Your task is to repeat the entries word for word while leaving out the pictures.

Extracted records »
--------------------

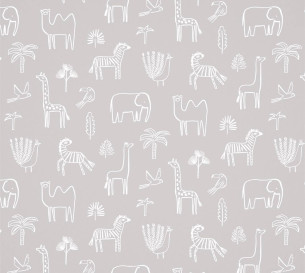 Harlequin Book Of Little Treasures Wallpaper 112629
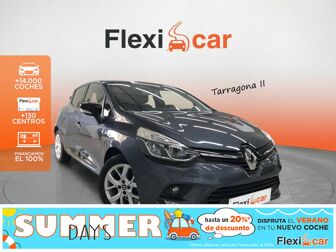 Imagen de RENAULT Clio TCe GPF Energy Limited 66kW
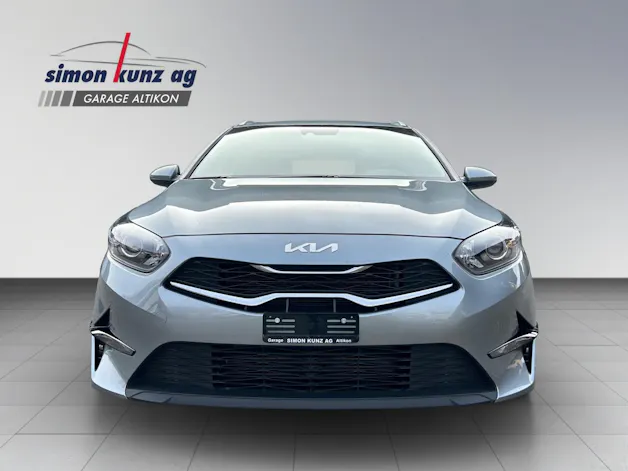 Kia Ceed SW 1.5 T-GDi Power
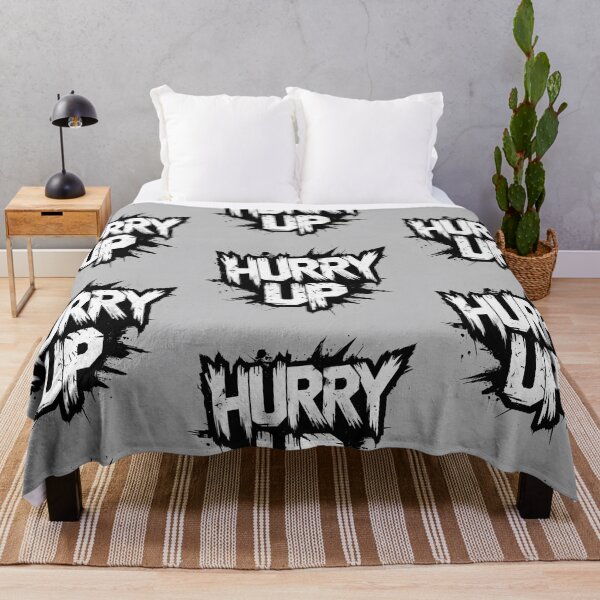 Item preview, Date prisa 69 designed and sold by Zeir Shop.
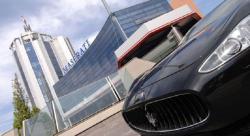 Produksi Mobil Sport Baru, Maserati Rombak Pabrik di Italia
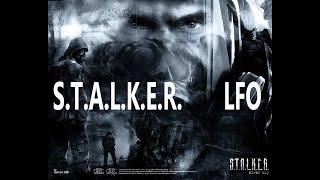 S.T.A.L.K.E.R LFO  НОВЫЙ  CLEAR SKY - Last Fallout Overhaul№1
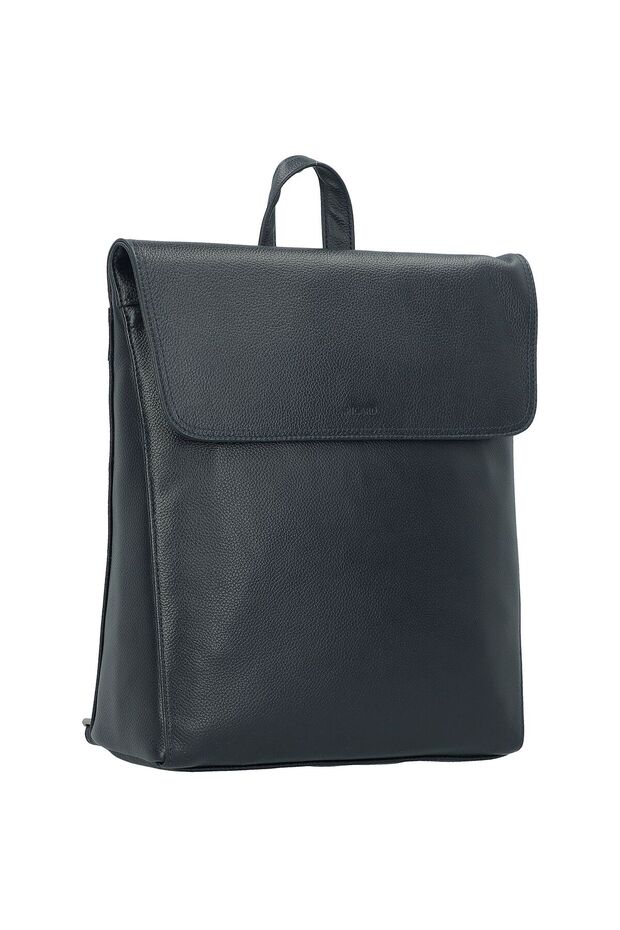 Luis Rucksack Leder 30 cm - 2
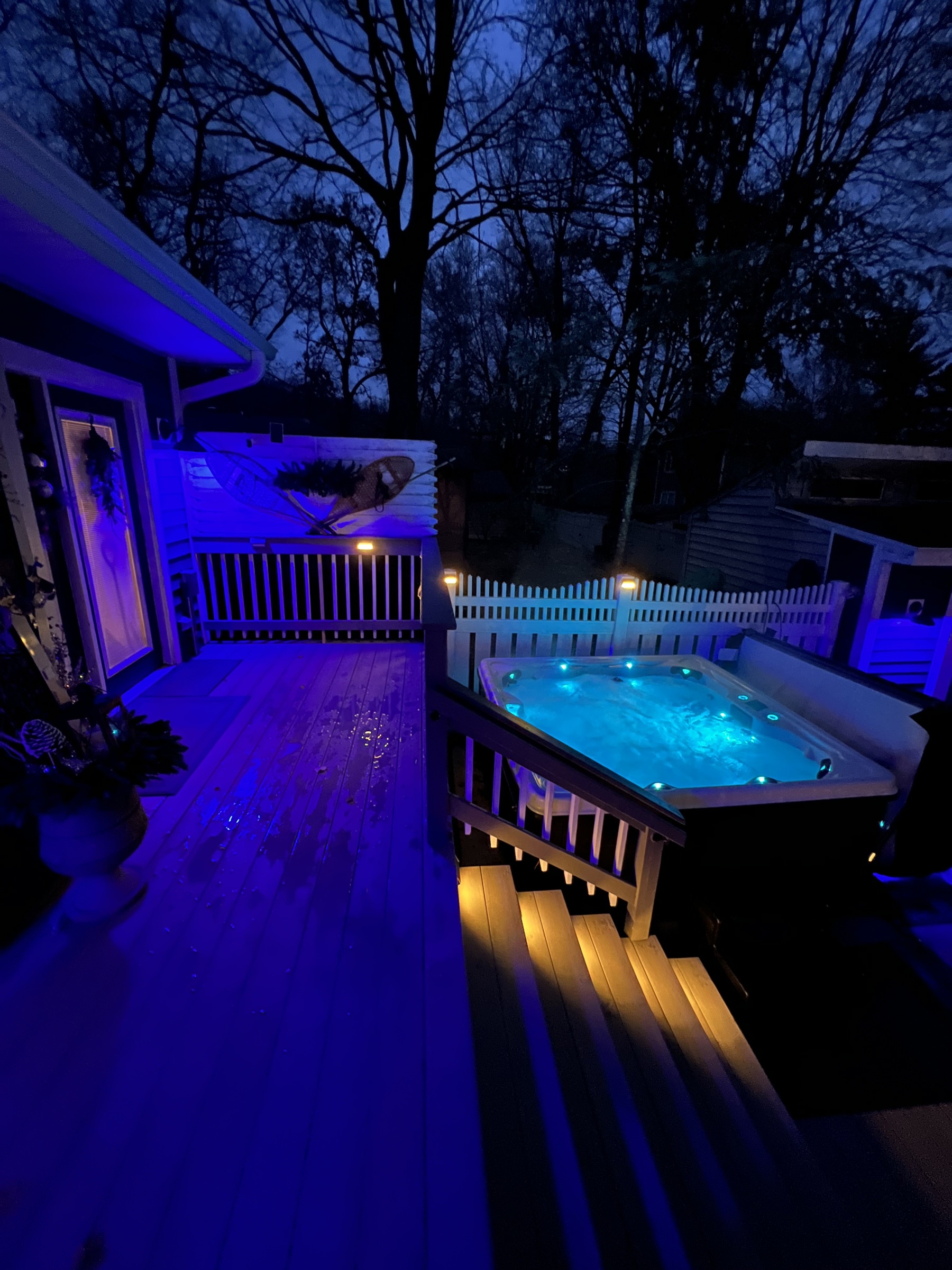Bayside Hideaway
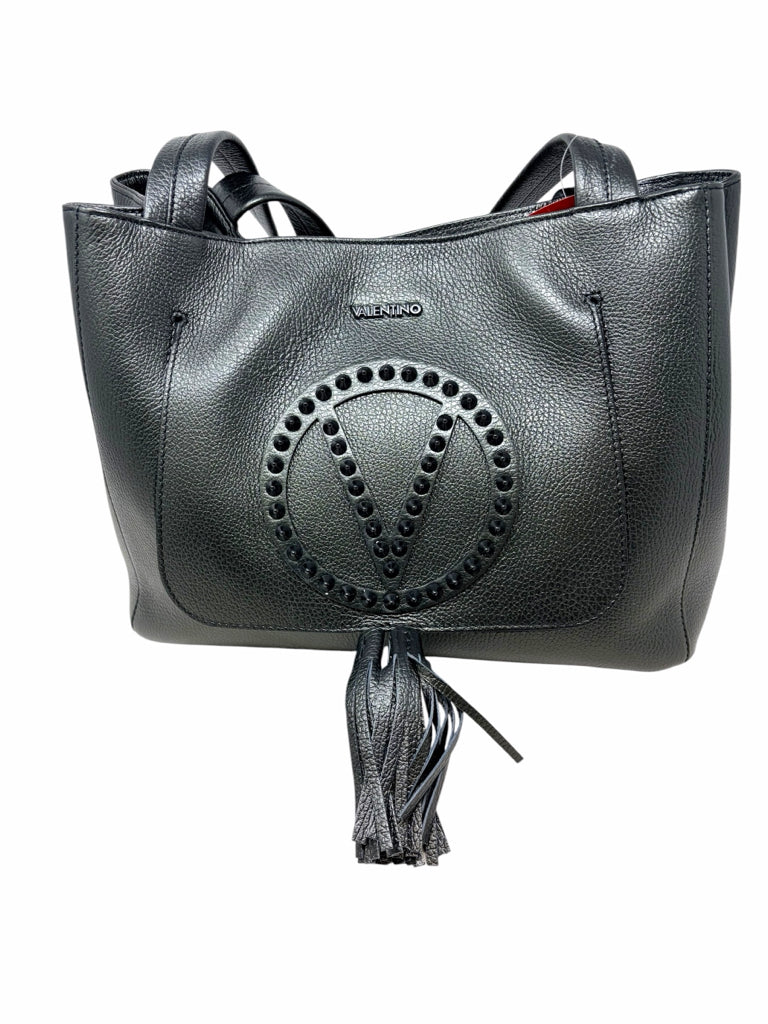 VALENTINO Size medium TOTE W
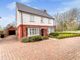 Thumbnail Detached house for sale in Durrant Mews, Hagley, Stourbridge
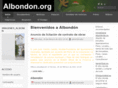 albondon.com.es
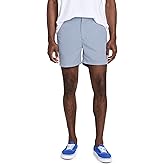 Frescobol Carioca Men's Copacabana Classic Swim Shorts 5"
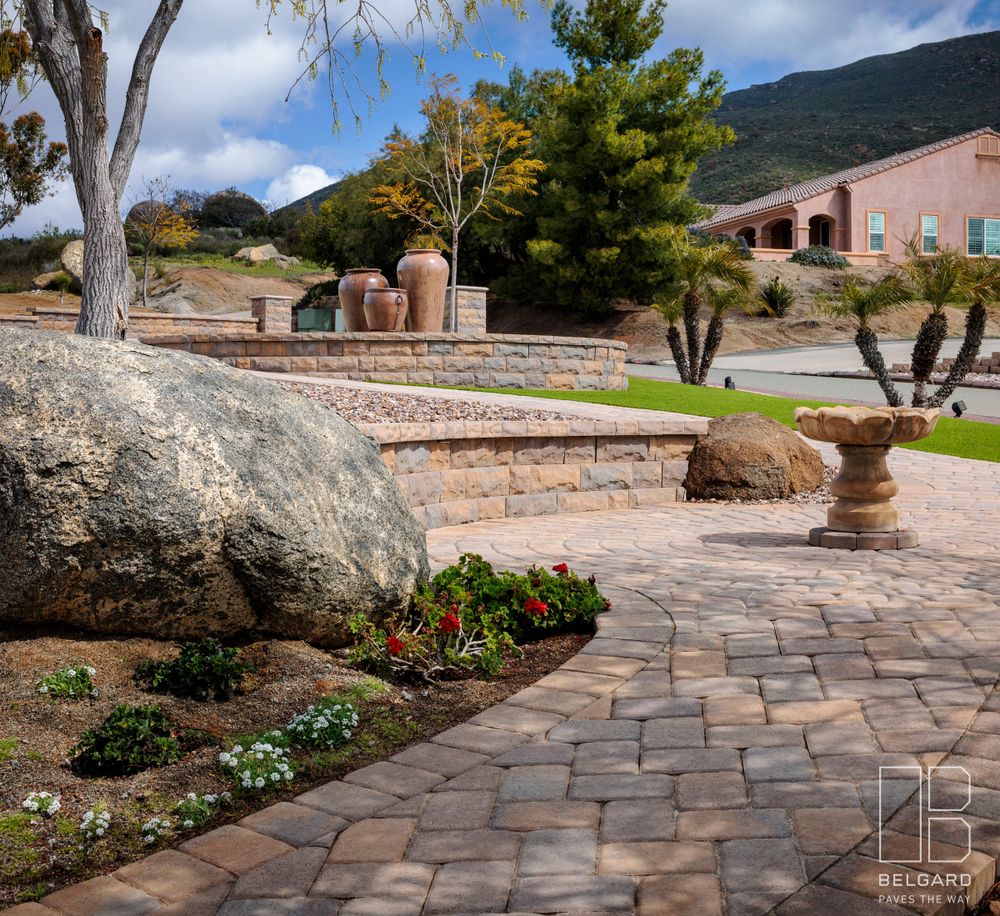 All Photos for DEL SOL PAVERS & TURF  in San Diego, CA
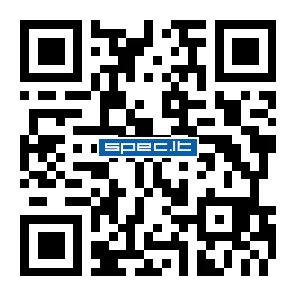QR kodas | Autonuoma 13, MB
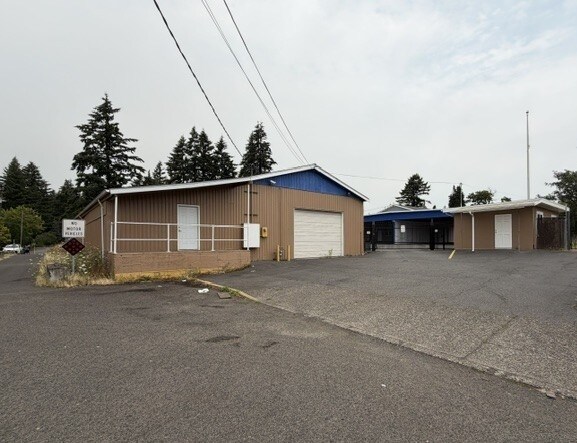 11307 NE Glisan St, Portland, OR for sale - Primary Photo - Image 1 of 3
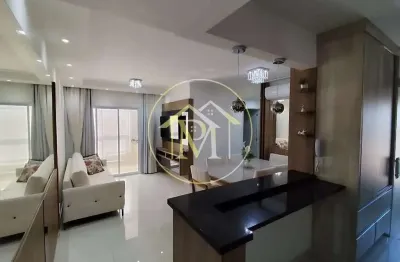 Apartamento com 2 quartos à venda no Jardim Moncayo, Sorocaba 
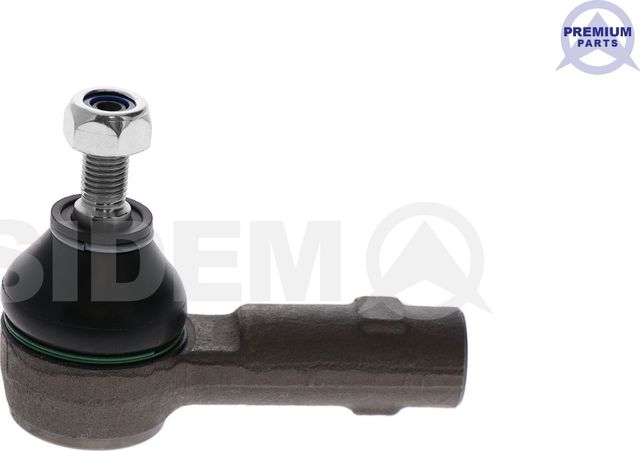 Наконечник рулевой тяги Sidem правый/левый для Citroen DS5 2011-2015. Артикул 53639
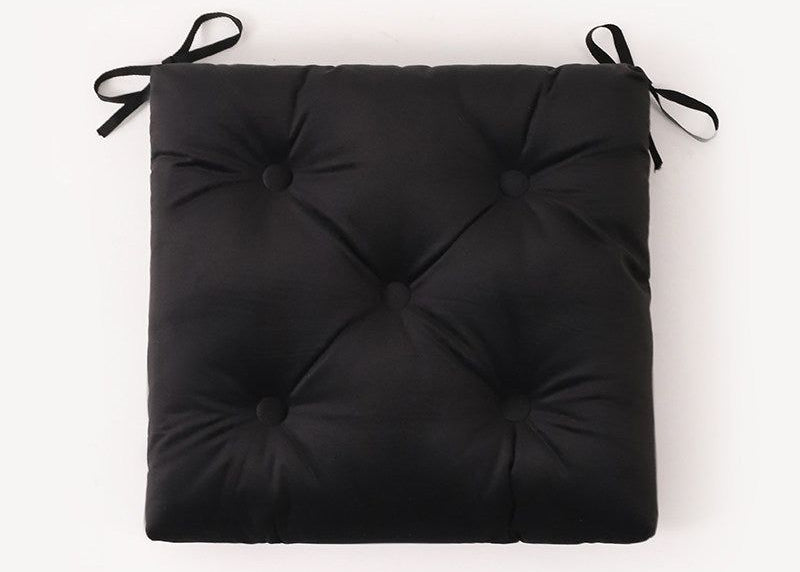 Universal Dining Chair Seat Cushion – Non-Slip Breathable All-Season Pad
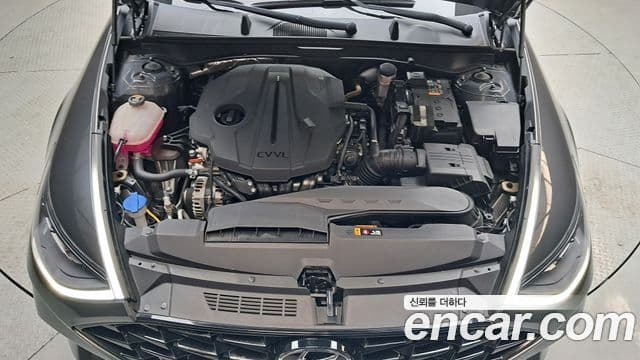 Sonata 2.0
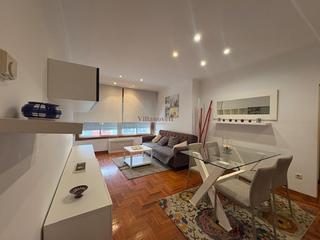 Lloguer Apartament a A Salgueira - O Castaño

--------------------

Written reply »
 Harlequin Book Of Little Treasures Wallpaper 112629
 Imagen de RENAULT Clio TCe GPF Energy Limited 66kW
 Kia Ceed SW 1.5 T-GDi Power
 Item preview, Date prisa 69 designed and sold by Zeir Shop.
 Produksi Mobil Sport Baru, Maserati Rombak Pabrik di Italia
 S.T.A.L.K.E.R LFO  НОВЫЙ  CLEAR SKY - Last Fallout Overhaul№1
 Luis Rucksack Leder 30 cm - 2
Bayside Hideaway
 VALENTINO Size medium TOTE W
 Thumbnail Detached house for sale in Durrant Mews, Hagley, Stourbridge
 albondon.com.es
 Frescobol Carioca Men's Copacabana Classic Swim Shorts 5"
 All Photos for DEL SOL PAVERS & TURF  in San Diego, CA
QR kodas | Autonuoma 13, MB
 11307 NE Glisan St, Portland, OR for sale - Primary Photo - Image 1 of 3
 Apartamento com 2 quartos à venda no Jardim Moncayo, Sorocaba 
 Наконечник рулевой тяги Sidem правый/левый для Citroen DS5 2011-2015. Артикул 53639
 Universal Dining Chair Seat Cushion – Non-Slip Breathable All-Season Pad
 Sonata 2.0
 Lloguer Apartament a A Salgueira - O Castaño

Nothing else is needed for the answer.